I have a SOA-application. Each service is a separate project in Gitlab with its own Dockerfile. So, in terms of structure it looks as follows



There is one developer (or group of developers) responsible for just one Gitlab project (or service as I call it). So, in fact each group technically can tag its project with its own version, so that UserService can have version 1.2.3, while OrderService can have version 5.7.8. It does not look good, because both services are part of one SOA-application.

So, in terms of DevOps I need know what is the best practice for versioning SOA-application containing physically separate services with their own code base?

My another question is about Docker. We are using docker for packing services. I know, that we can tag Docker images also with version number. In terms of best practices should this image version have something to do with versions of the source code of each single service?

Besides, I do not know what should we treat as a release and its version. I guess there will be a build pipeline in Gitlab, which will build multiple Docker images and tag each one with a version. Should we treat the collection of these images as a release or should there be some kind of a bundle, physical release with again its own version.

I know there may exist different practices, I want to know some real world approaches.

1 Answer 1


Managing versions of different services can be tricky. For now I've never found a good HOW TO out there. Like most things you do what suit you the best. Here is a couple of suggestion you could use:

-> Tag docker image with their commit sha: Pretty easy to do when you are using gitlab this is an already set environment variable that you can uses when building you image in the CI/CD pipeline. It's easy to track what code this container. Also when rolling back one of your service you can see directly the merge request you are rolling back on.

-> Continuous deploy on your staging environment: When one is merging a new feature on the master of one of your services deploy it as soon as possible so you can test the impact on all other services.
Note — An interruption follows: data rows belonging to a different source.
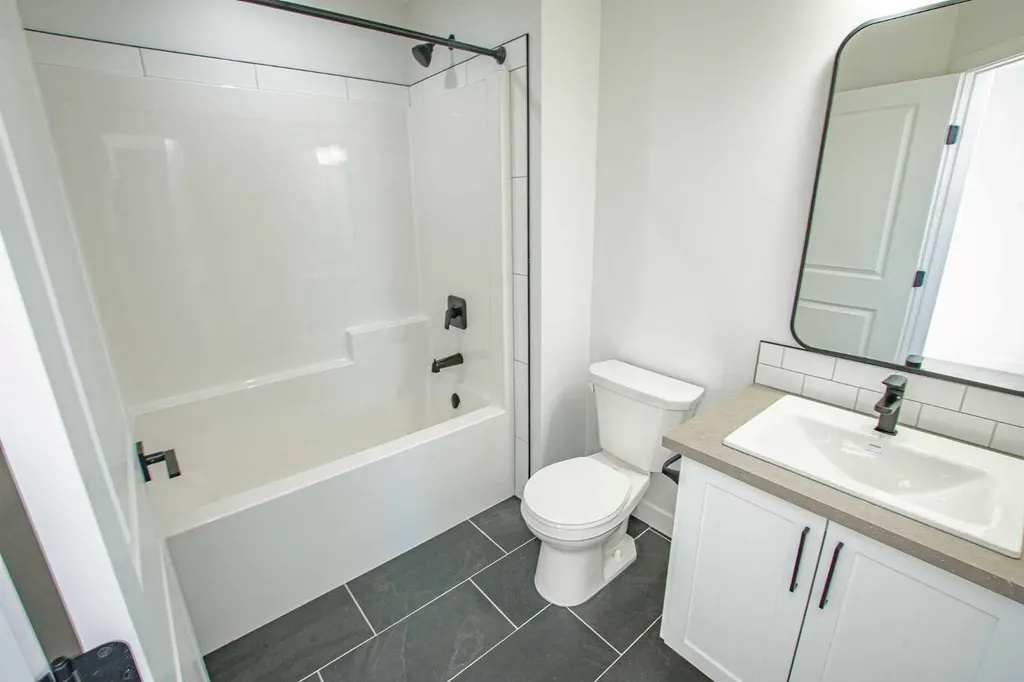 8558 72 Avenue Grande Prairie AB T8X 0N9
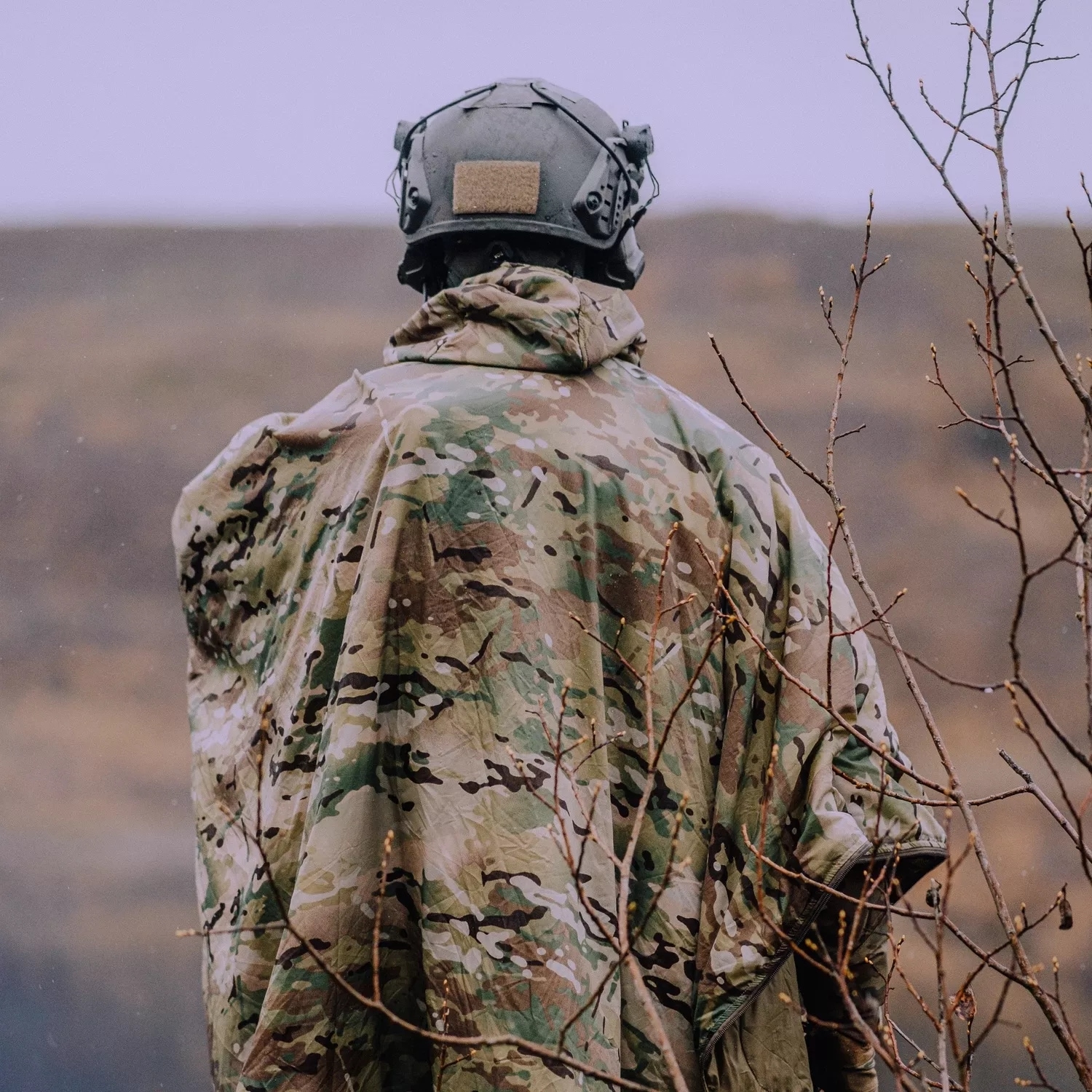 Пончо Helikon-Tex Swagman Roll Climashield Apex з функцією спального мішка - MultiCam
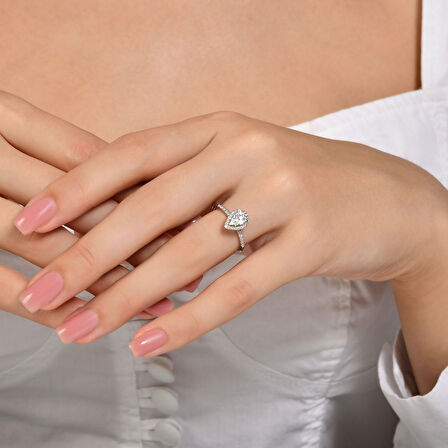 0.39 Karat Damla Formlu Pırlanta Fantezi Yüzük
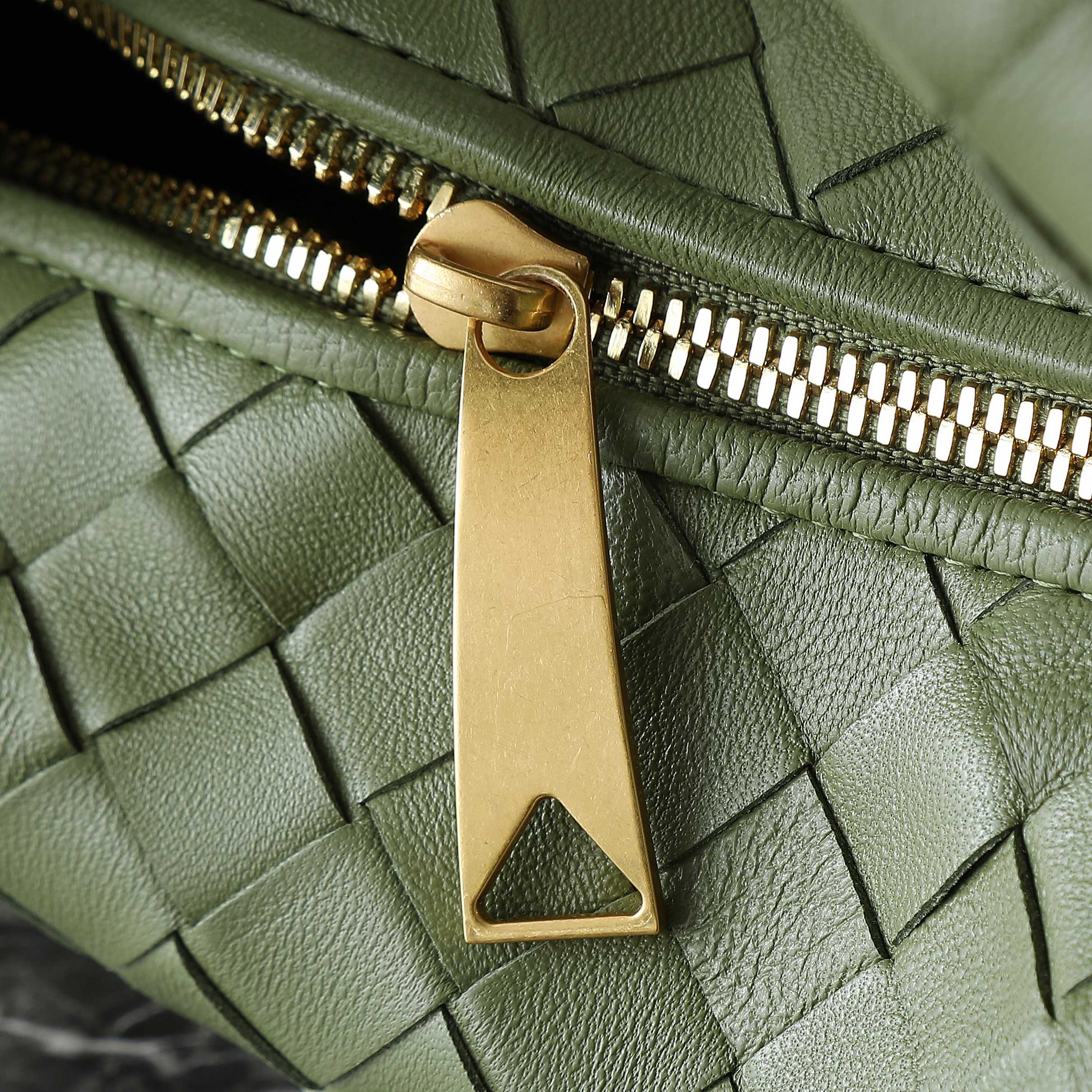 Mini Jodie Bag, Woven Lambskin Leather Hobo Bag, 23x28x8cm - Stylish & Versatile 7 a1748410288601 8825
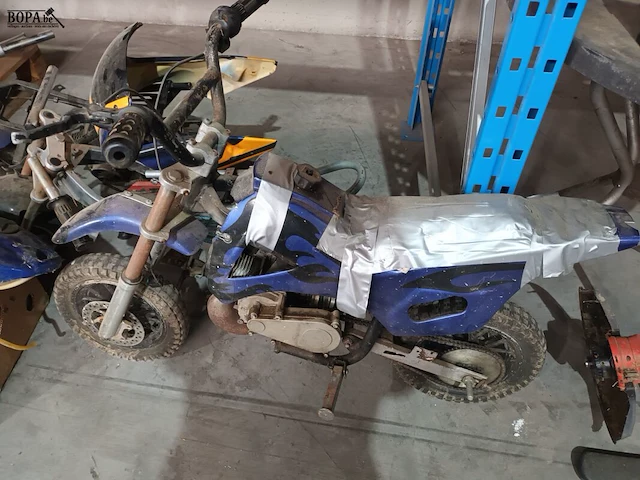 Lot 6 - pocket bikes en onderdelen - afbeelding 2 van  5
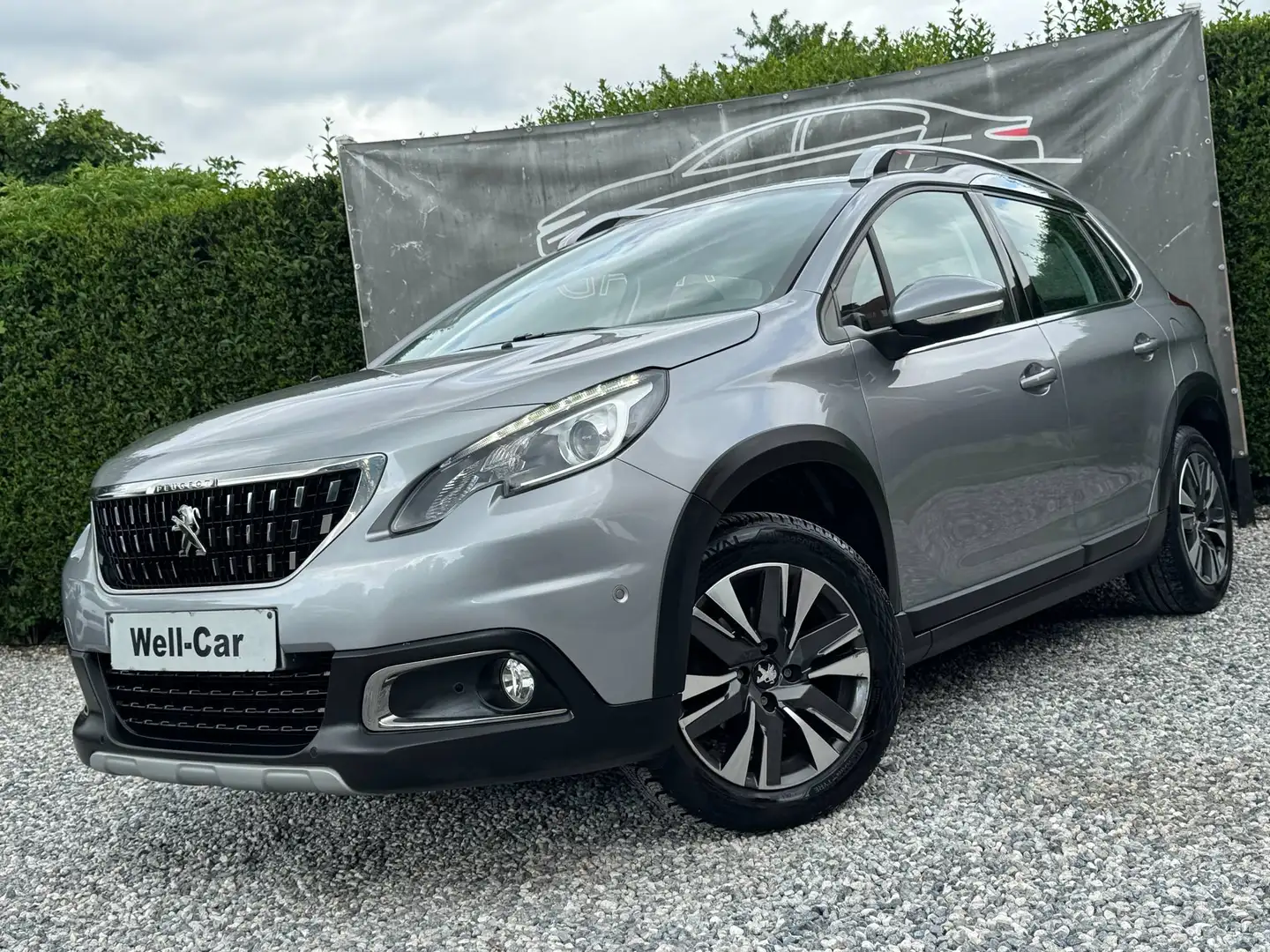 Peugeot 2008 1.2i Euro6 73.000Km Semi Cuir, Gps Garantie 1 an! Grau - 1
-> When staging looks good trigger a release job: That job release shall be present on all your services. The purpose of this job is to:

  • Check if the service current version (commit sha) match the currently deployed in production.
  • If not trigger the deploy job to production for this commit sha pipeline.
  • If the deploy to production job work then we shall store the current sha deployed in a new folder somewhere in a K/V store that way we keep a single source of truth of what's is being deployed and when

More on that K/V store and release job:

This shall be trigger form a different pipeline on a project you use only to remotely trigger the updated versions on your whole SOA-application. That way we have a repo that contain a script that will trigger the job release of all the services. It will create a new folder on your K/V store and all the triggered release job of your application will write their current version in it (updated or not) Once finished only service that had change will be deployed but you will have a major version for your wall application like this on the K/V store:

 - user_service = COMMIT_SHA
 - payment_service = COMMIT_SHA 
 - organisation_service = COMMIT_SHA
 - ect..

When this job is replay it will detect that the folder already exist and so will trigger the deploy of all the version present in it so you can rollback your App to an older state.

Deploy to production job on each of your service can be protected to only be triggered from the main release project. But for quick fix reason you could also let it open just make sure it update the current K/V folder.